Büro bir görev birimi oluşturdu.

  Bir çok kaynağımız ortadan kayboluyordu.

  Motorin, Martynov gibi.

  Düzinelercesi kayboldu.

  Bu birim buna sebep olan köstebeği bulmakla görevliydi.

  En iyi analistlerimiz yıllarca elimizdeki verileri incelediler.

  Ve onu bulmayı başaramadık.

  Bil bakalım ekibin başında kim vardı?

  Hepimizden daha akıllıydı.

  Aslında bununla yaşayabilirim.

  Nefret ettiğim kısmı, tüm kariyerimin  büyük bir zaman kaybı olduğu fikri.

  Bu ofise geldiğimden beri yaptığım her şey   yapmak için para aldığımız her şeyin boşa gitmesine neden oldu.

  Hepimiz evimizde otursak da fark etmezdi.

  "Sevgili dostlarım, 50. 000 dolar için minnettarım".

  "Ama ödenekler göz önünde bulundurulduğunda, Bir seferde 100. 000 dolardan fazlasının gerekeceğini sanmam".

  "Güvenlik konusundaki endişelerim aşırı görünebilir".

  "Tecrübelerim bunların gerekli olduğunu gösteriyor".

  "Hakkımda az şey bilirseniz, daha güvendeyim demektir".

  "Hiçbirimiz bu konularda çocuk sayılmayız".

  "Dün gece tarif edilen paketin yerini bulamadım".

  "Farkındaysanız iş kıyafeti içindeyim   ve üç santim çamurun içinde dolaşamam.

 " "Hizmetleriniz bir süredir kesintiye uğruyor".

  "Sizi uyarıyorum Bay Boris Yuzhin".

  "Bay Sergei Motorin ve Bay Valery Martynov  gizli servislerimiz tarafından kullanılıyor".

  "A. B. D.  Güçlü görünümlü, ancak geri zekalı bir çocuk gibidir".

  "Potansiyel olarak tehlikelidir, ama genç ve olgunlaşmamıştır".

  "Bahsedilen yer boştu".

  "Boş yerler beni rahatsız eder".

  "Kendimi bu işe adamadan önce, aynı şeyi sizin de yaptığınızı bilmem gerek".

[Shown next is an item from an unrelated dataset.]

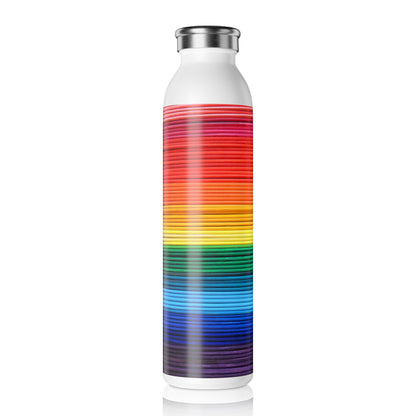 Slim Water Bottle - No. 305 - 'Pride' Rainbow - By Irish Artist Fiona de Lacy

  "Bende delice bir cesaret olduğunu   ya da tamamen deli olduğumu düşünebilirsiniz".

  "İkisi de değilim.

  Ben delice sadığım".

  "İstediğinizi seçin, hepsinin içinde delilik var".

  "Son olarak, benim için bir kaçış planınız olması gerek".

  "Hiç bir şey sonsuza kadar sürmez".

  "Saygılarımla, Ramon".

  - Selam.

  - Selam.

  Dönmüşsün.

  Patron.

  Siz ne zaman geldiniz?

  Beni hayal kırıklığına uğrattın, genç adam.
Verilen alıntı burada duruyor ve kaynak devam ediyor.